╭──

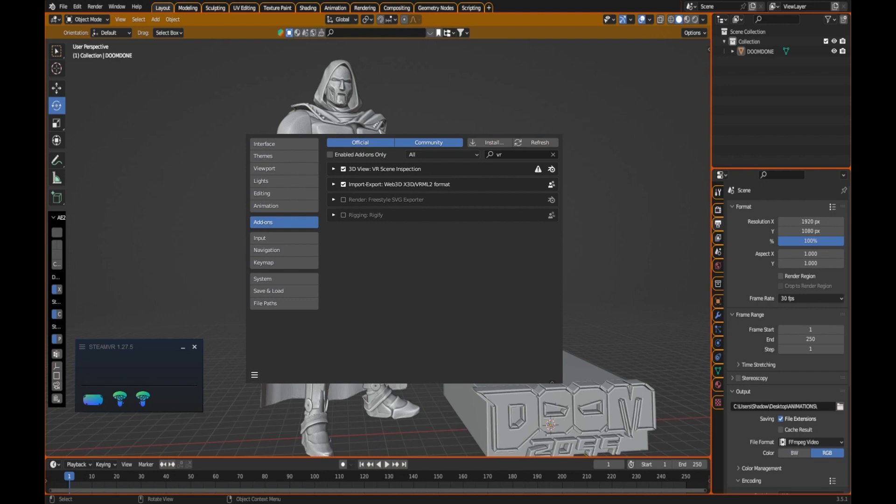The next thing you're going to want to do is enable the VR add-on. Inside your preferences, go into your search and type VR. You'll see VR Scene Inspection. This is default within Blender, so all you want to do is click the check to enable that and you're pretty much good to go.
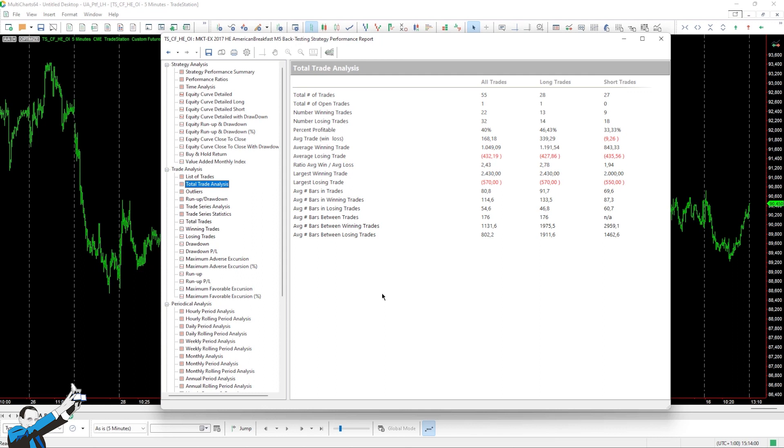An interesting thing about lean hogs is that it's a product that can be traded even with stop losses that aren't too large. For example, the strategy that we're looking at has a stop loss set at $550 and a take profit at $2,000. So you can definitely try it out as well. Although it's not such a popular market, lean hogs can still be very useful to diversify our portfolio.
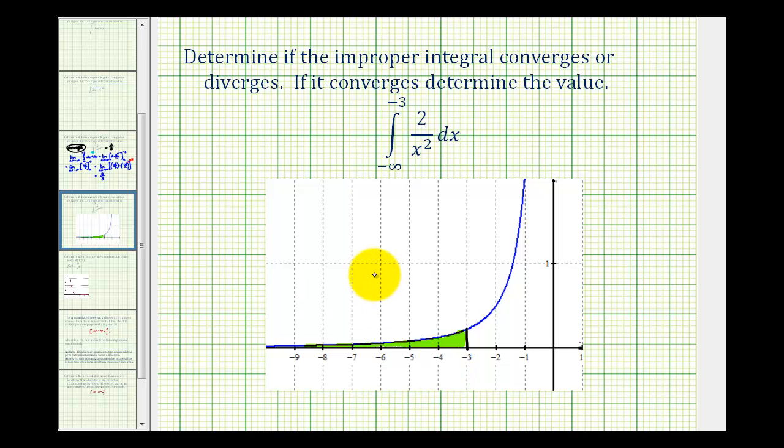So you'll have to admit this is kind of an amazing concept. We'll take a look at one more example of determining area using an improper integral in the next video. Thank you.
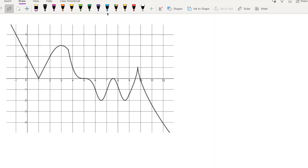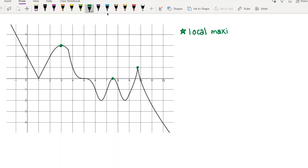I have an example of a function with a whole bunch of peaks and valleys. I want you to look at this graph and identify where all the local maxima and minima are, and then think about what is going on with the derivative at those points. Let's circle all the local maxima and minima. We have local maxima here, here, and here — those are circled in green. And then we have local minima down here, down here, and down here.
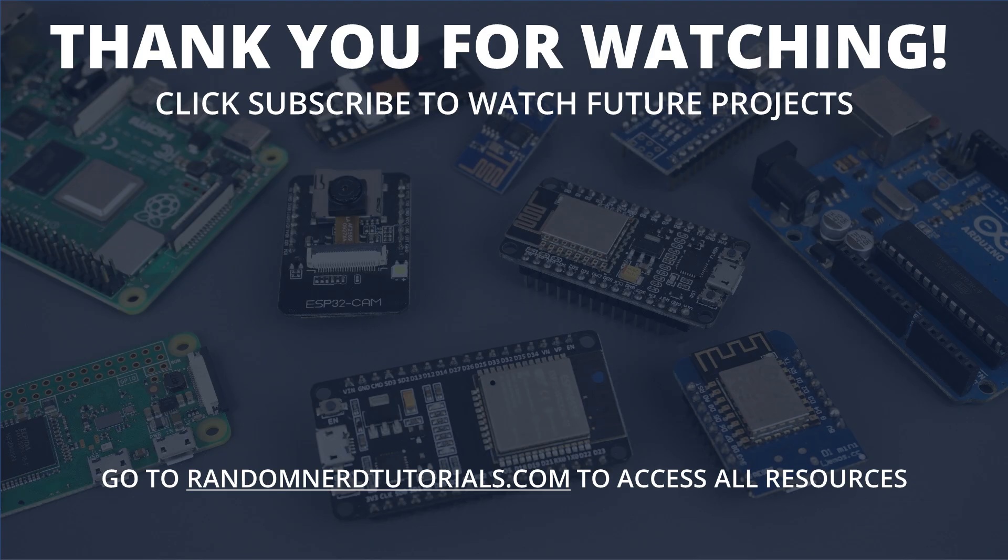Thank you for watching and don't forget to subscribe to catch my next projects.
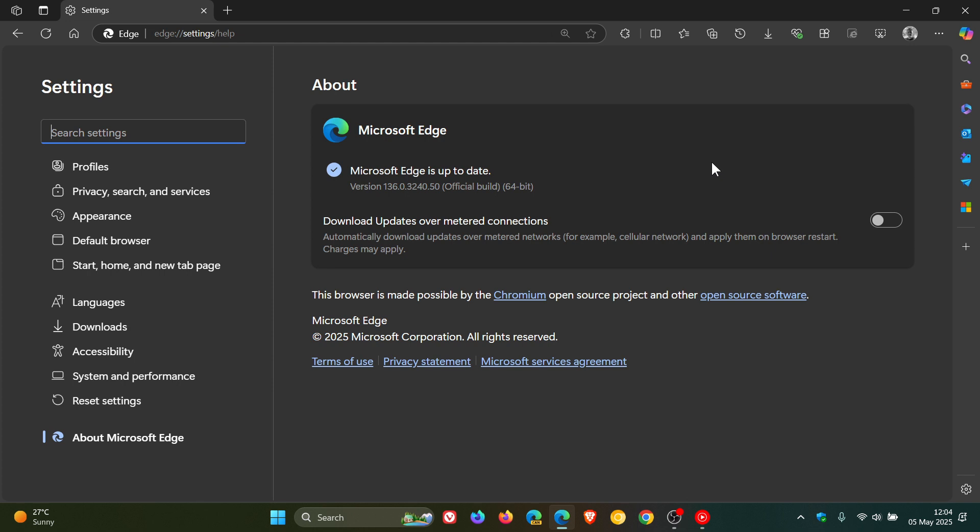Now, first of all, over and above the Chromium security fixes that rolled out last week, as I mentioned previously, we get an Edge-specific security fix that's rolled out, which is a spoofing vulnerability which has been patched. So that's for the browser itself.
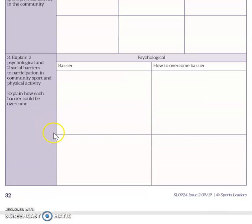The latter part of this task looks at the psychological barriers that may need to be overcome by young people when they take part in community sports. Thinking about half term clubs and after school clubs, what might be some of the mental barriers that those young people face? And as sports leaders, how can we help overcome those barriers - what can we do to ensure that they overcome those psychological barriers?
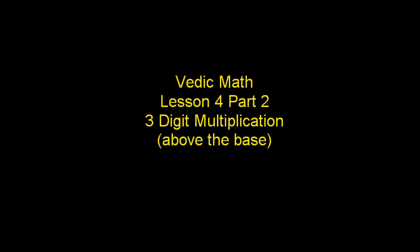Welcome to this lesson of Vedic Math. We're going to learn about three digit multiplication for numbers which are above the base. In the previous chapter we did two digit multiplication. This one is for three digits. The method is pretty much similar, just a few minute changes. Let's jump straight into solving problems.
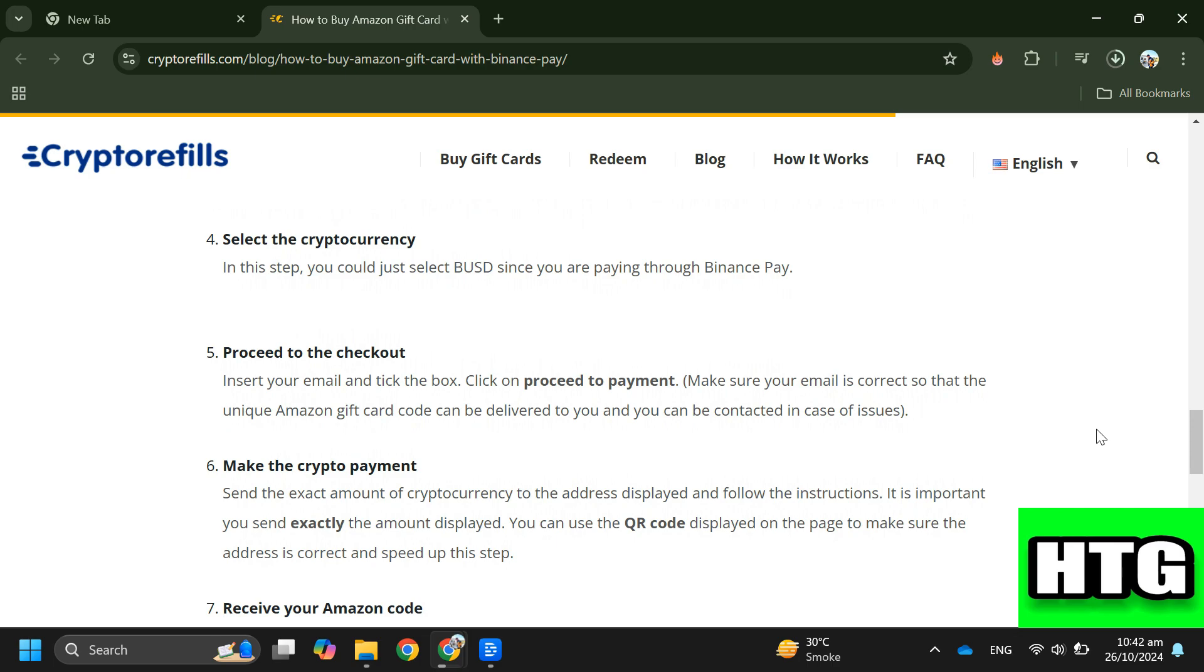Step four: Select the cryptocurrency since you are paying through Binance Pay. Step five: Proceed to the checkout. Insert your email, tick the box, and click on proceed to payment.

╰──

▶ Requirement
What is needed is an exact copy of the lines from the start of the listing above through the line that holds "Thank you for", with the pictures left out.

▶ Answer for the task
The next thing you're going to want to do is enable the VR add-on. Inside your preferences, go into your search and type VR. You'll see VR Scene Inspection. This is default within Blender, so all you want to do is click the check to enable that and you're pretty much good to go.
An interesting thing about lean hogs is that it's a product that can be traded even with stop losses that aren't too large. For example, the strategy that we're looking at has a stop loss set at $550 and a take profit at $2,000. So you can definitely try it out as well. Although it's not such a popular market, lean hogs can still be very useful to diversify our portfolio.
So you'll have to admit this is kind of an amazing concept. We'll take a look at one more example of determining area using an improper integral in the next video. Thank you.
I have an example of a function with a whole bunch of peaks and valleys. I want you to look at this graph and identify where all the local maxima and minima are, and then think about what is going on with the derivative at those points. Let's circle all the local maxima and minima. We have local maxima here, here, and here — those are circled in green. And then we have local minima down here, down here, and down here.
Thank you for watching and don't forget to subscribe to catch my next projects.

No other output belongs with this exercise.